** Opening AVAILABLE RECORDS block **

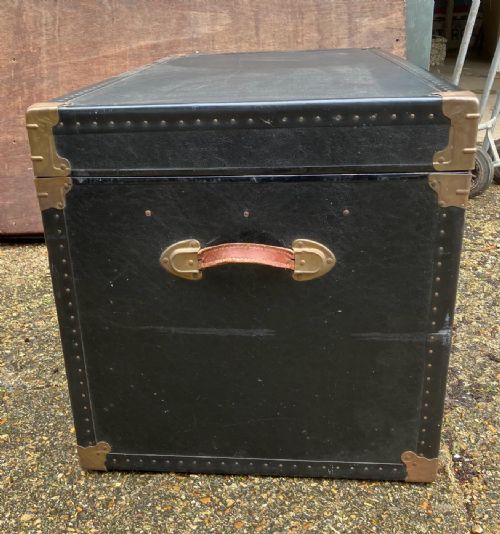 ANTIQUE STEAMER TRUNK - ADDITIONAL PHOTO 1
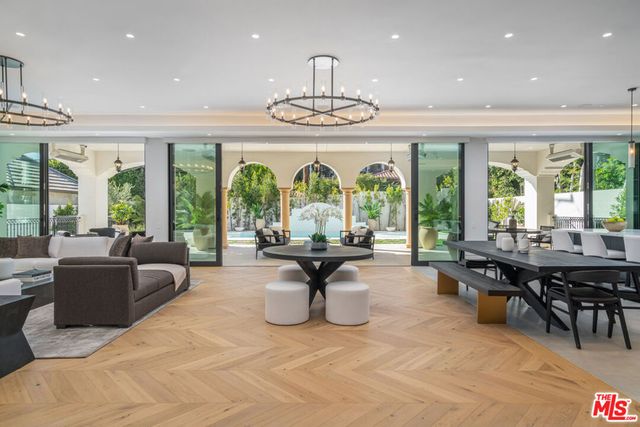 611 N Hillcrest Road, Beverly Hills, CA 90210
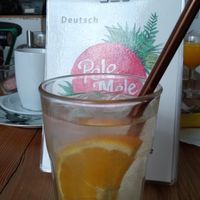 Orangen-Lavendel Limonade at Pele-Mele in Berlin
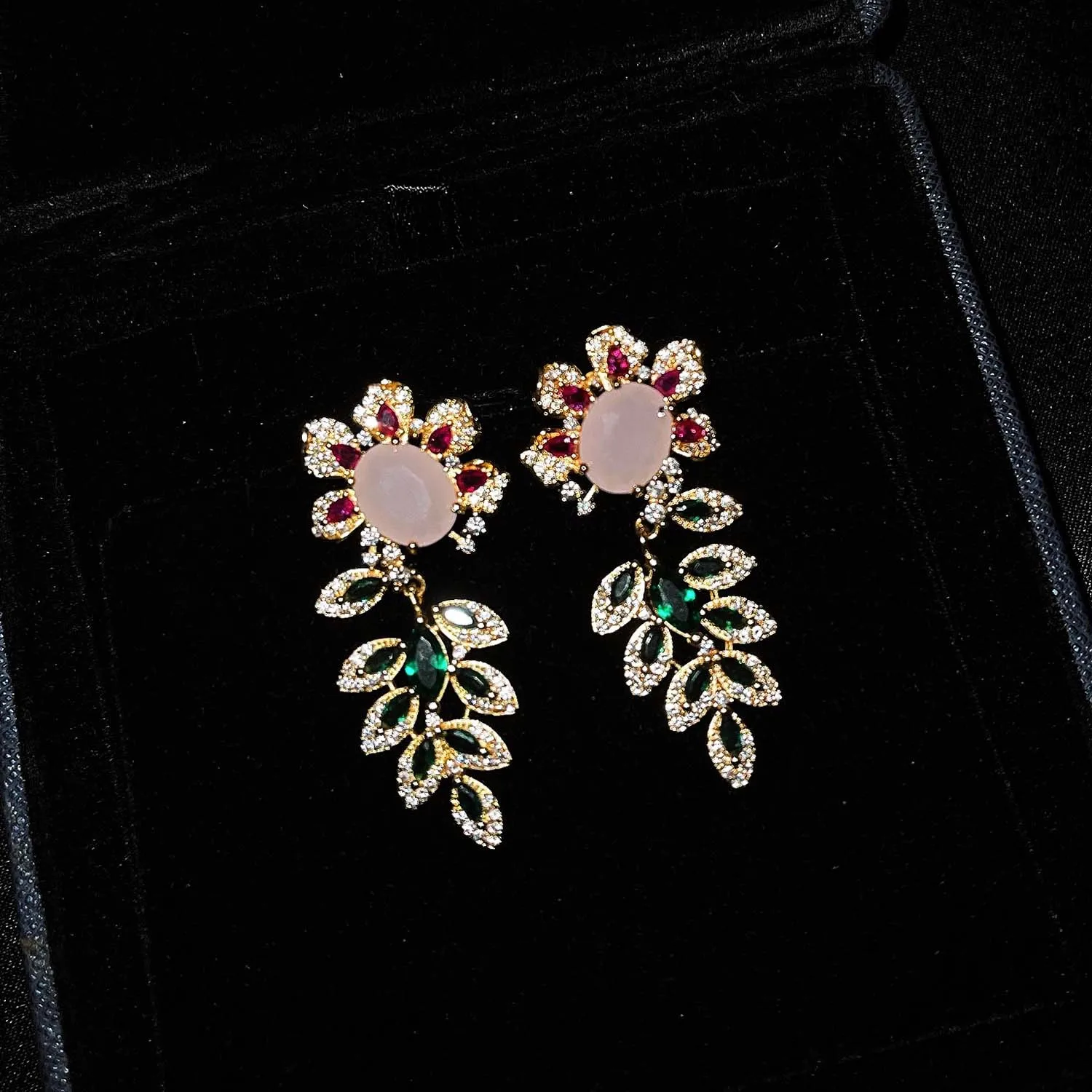 Beautiful Flower Dangle Drop Earrings for Women Luxury Jewelry Micro Inlaid AAA Zircon High Quality Silver Plated Earrings
Beautiful Flower Dangle Drop Earrings for Women Luxury Jewelry Micro Inlaid AAA Zircon High Quality Silver Plated Earrings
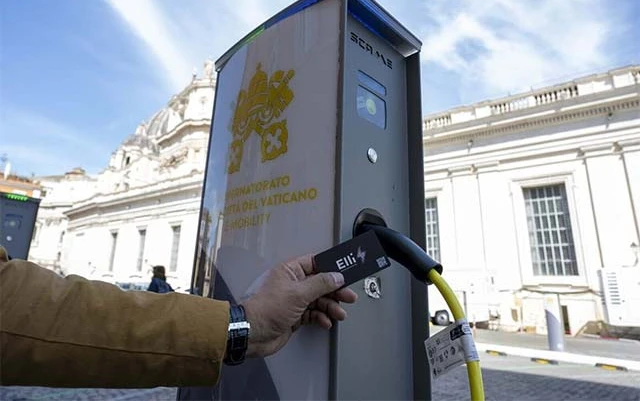 Vaticano, flotta a zero emissioni entro il 2030 con Elli (Volkswagen)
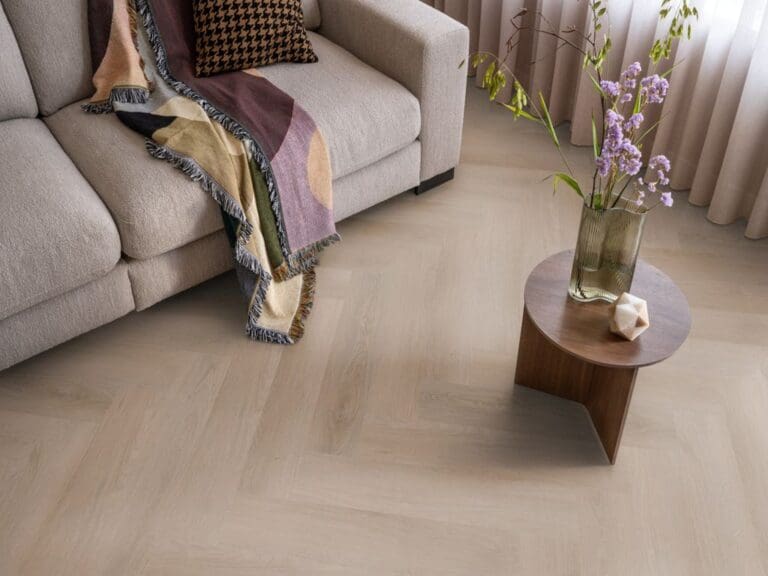 ambiant Spigato Navaro visgraat click dark oak - freelance groothandel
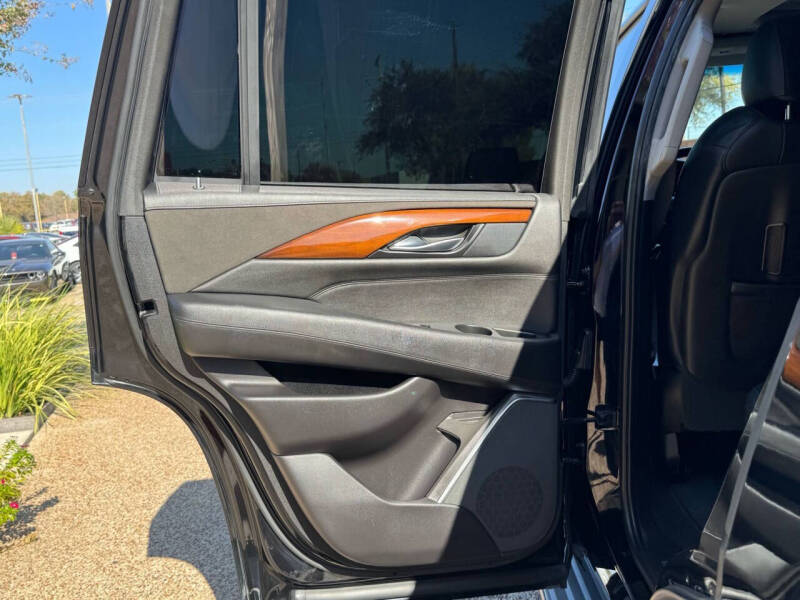 2018 Cadillac Escalade Luxury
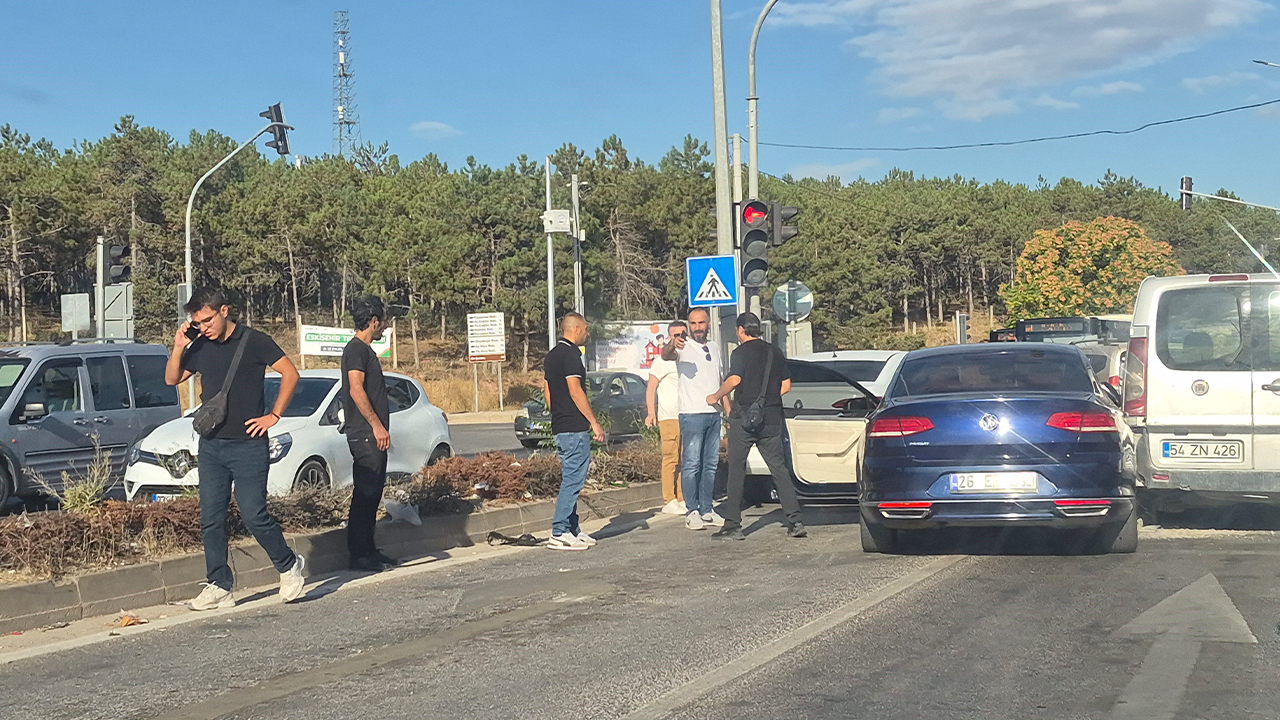 3 Aracın Karıştığı Kaza Maddi Hasarla Atlatıldı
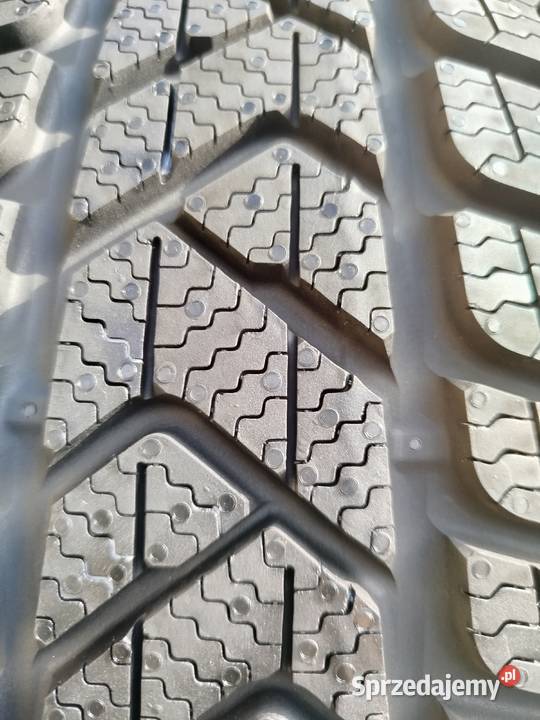 A954Koła Zimowe Nowe 17 5x108 2055517 Pirelli Bąków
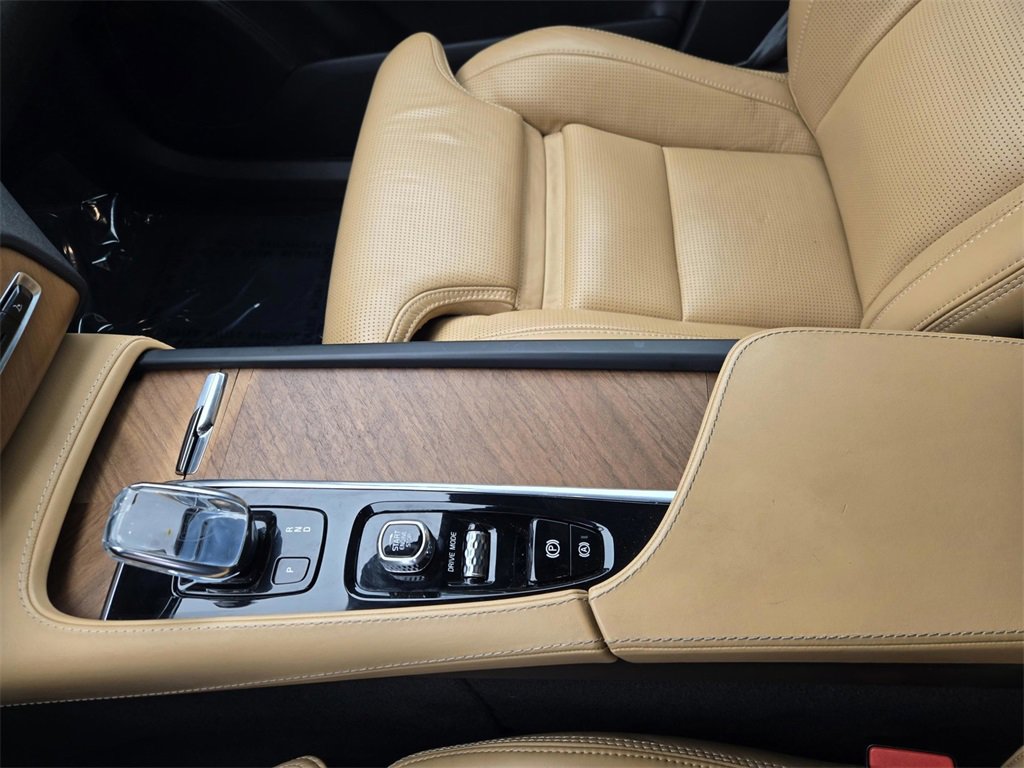 Used 2020 Volvo XC90 T8 Inscription image 24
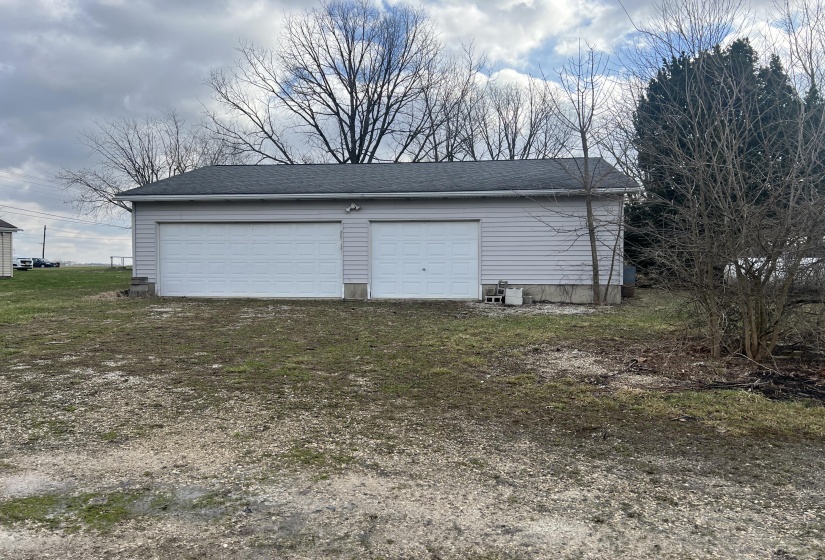 3 Car Garage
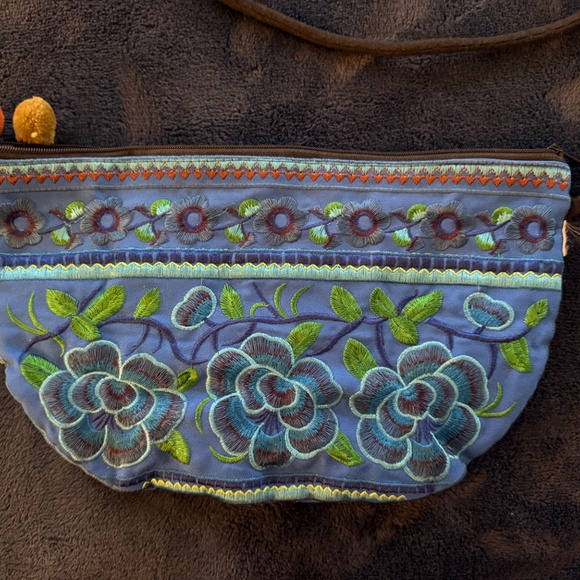Unique embroidered cross body bag - Picture 3 of 11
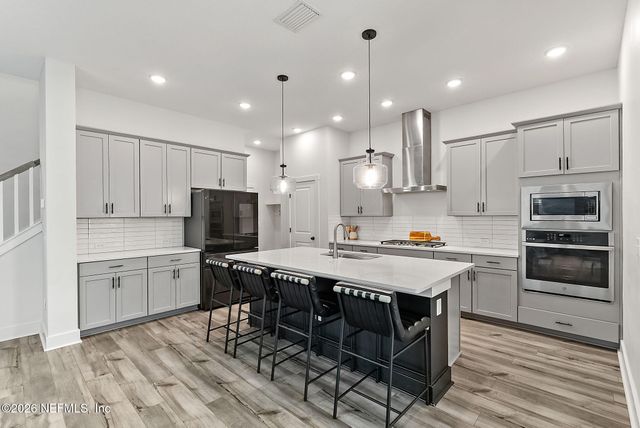 9989 ELEMENT Road, Jacksonville, FL 32256
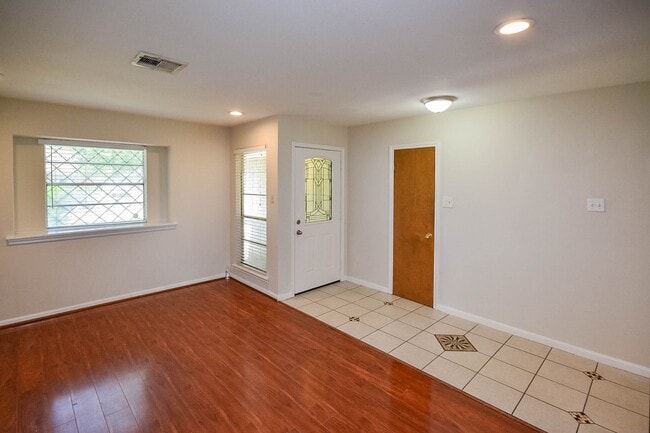 Building Photo - 8407 Edgemoor Dr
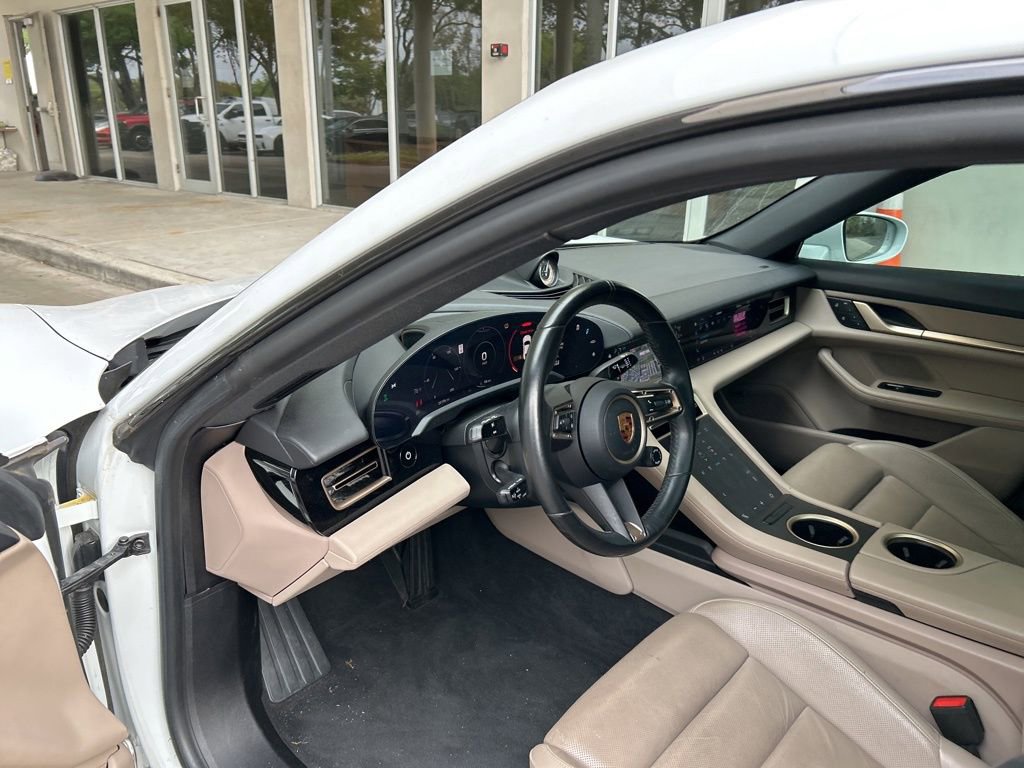Used 2022 Porsche Taycan 4S image 10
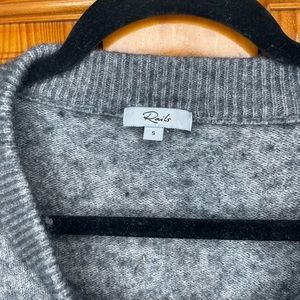 Gray sweater no holes with a tie front
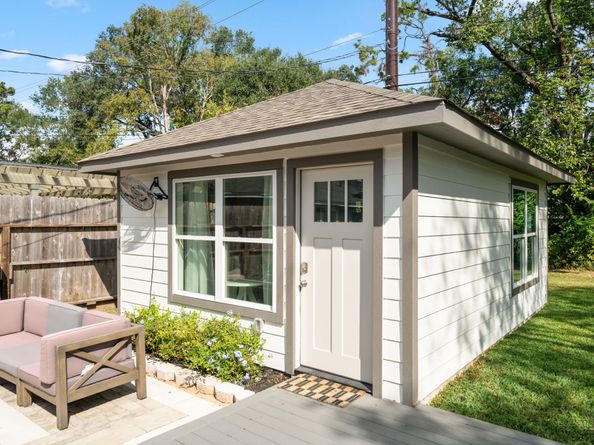 4626 Ella Boulevard, Houston TX 77018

** Closing AVAILABLE RECORDS block **

● WHAT IS EXPECTED
Return exactly the lines from the one containing "9989 ELEMENT Road, Jacksonville, FL 32256" through the end of the records, leaving out every picture.

● ANSWER BELOW
 9989 ELEMENT Road, Jacksonville, FL 32256
 Building Photo - 8407 Edgemoor Dr
Used 2022 Porsche Taycan 4S image 10
 Gray sweater no holes with a tie front
 4626 Ella Boulevard, Houston TX 77018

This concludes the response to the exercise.